(Corrects to show Lacker is president of Richmond Fed)
By Jonathan Spicer and Pedro da Costa
NEW YORK/BALTIMORE, Jan 4 (Reuters) - The Federal Reserve could be in a position to halt its asset purchases this year if the U.S. economy improves, a top Fed official said on Friday, while another warned the aggressive easing plan threatens the central bank’s credibility.
St. Louis Fed President James Bullard, a voting member of the Fed’s monetary policy panel this year, said a drop in the unemployment rate to 7.1 percent would probably constitute the “substantial improvement” in the labor market that the central bank seeks.
“If the economy performs well in 2013, the Committee will be in a position to think about going on pause” with the asset buys, Bullard said on CNBC TV. “If it doesn’t do very well then the balance sheet policy will probably continue into 2014.”
U.S. unemployment stood at 7.8 percent last month. While that is down from a year ago, and while there are positive signs that the housing and manufacturing sectors are picking up, the monthly rate of job growth is probably not enough to ratchet down unemployment much more.

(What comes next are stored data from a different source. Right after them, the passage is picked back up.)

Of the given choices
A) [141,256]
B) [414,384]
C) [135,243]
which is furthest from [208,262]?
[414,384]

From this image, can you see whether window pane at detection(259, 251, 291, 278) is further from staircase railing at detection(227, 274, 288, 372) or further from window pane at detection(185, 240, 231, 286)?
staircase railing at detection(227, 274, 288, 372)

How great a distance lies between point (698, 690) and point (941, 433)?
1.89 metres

Meanwhile, Fed policymakers are increasingly concerned about the impact their monthly purchases of $85-billion in longer-term bonds and mortgage securities are having on financial markets.
Minutes from their December policy meeting showed that “several” top officials expected to slow or stop the so-called quantitative easing program, dubbed QE3, “well before” the end of the year - news that surprised some on Wall Street and prompted a drop in stocks and bonds, and a rise in the dollar.

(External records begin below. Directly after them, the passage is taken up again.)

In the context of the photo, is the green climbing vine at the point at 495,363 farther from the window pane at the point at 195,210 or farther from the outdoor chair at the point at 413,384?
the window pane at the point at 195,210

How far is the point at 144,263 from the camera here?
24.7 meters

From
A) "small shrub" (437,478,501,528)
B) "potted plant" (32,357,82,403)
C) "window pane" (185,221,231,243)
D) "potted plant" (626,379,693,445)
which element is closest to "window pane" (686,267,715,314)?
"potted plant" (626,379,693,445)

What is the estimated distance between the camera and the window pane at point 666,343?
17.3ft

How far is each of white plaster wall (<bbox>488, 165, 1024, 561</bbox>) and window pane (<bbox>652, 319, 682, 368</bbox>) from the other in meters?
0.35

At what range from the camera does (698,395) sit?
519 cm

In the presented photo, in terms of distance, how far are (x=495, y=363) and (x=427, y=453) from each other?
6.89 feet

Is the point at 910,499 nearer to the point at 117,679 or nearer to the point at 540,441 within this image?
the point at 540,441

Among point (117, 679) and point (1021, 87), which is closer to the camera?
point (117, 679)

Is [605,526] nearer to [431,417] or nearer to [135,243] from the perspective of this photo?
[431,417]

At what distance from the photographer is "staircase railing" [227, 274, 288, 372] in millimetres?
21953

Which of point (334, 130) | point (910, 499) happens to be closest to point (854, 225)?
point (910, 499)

Jeffrey Lacker, president of the Richmond Fed bank, on Friday held his ground opposing QE3, arguing that continued monetary policy is not the appropriate way to tackle the problem.
“It is unlikely that the Federal Reserve can push real growth rates materially higher than they otherwise would be, on a sustained basis,” Lacker, who voted on Fed policy last year, told a meeting of the Maryland Bankers Association.
“I see an increased risk, given the course the committee has set, that inflation pressures emerge and are not thwarted in a timely way,” he said.
While Lacker is an outspoken policy hawk, Bullard is more of a centrist who is nonetheless toward the hawkish end of the spectrum of Fed policymakers. The pair were the first top central bank officials to speak publicly since the minutes were unveiled on Thursday.
Bullard said he expects unemployment to “continue to tick down through 2013,” adding the Fed could ramp down the asset purchases if the jobless rate drops to 7.1 percent.
“That would be probably substantial improvement and the committee could think about removing accommodation on the balance sheet side of the policy at that point,” he said.
After the December meeting, the Fed said it would continue buying bonds until the labor market outlook improves “substantially,” which Fed Chairman Ben Bernanke has characterized as a “sustained” decline in the unemployment rate.
With the Fed’s key interest rate having remained near zero since late 2008 to encourage economic recovery from the Great Recession, the bond purchases are meant to lower longer-term rates and to encourage investment and hiring in the broader economy.
The U.S. economy expanded a respectable 3.1 percent in the third quarter on an annualized basis, but growth is believed to have slowed sharply to barely above 1.0 percent in the last three months of the year.
Government data released Friday show that the U.S. jobless rate held steady from November to December. Bullard called the December jobs number - a boost of 155,000 in new non-farm jobs - “reasonably good.”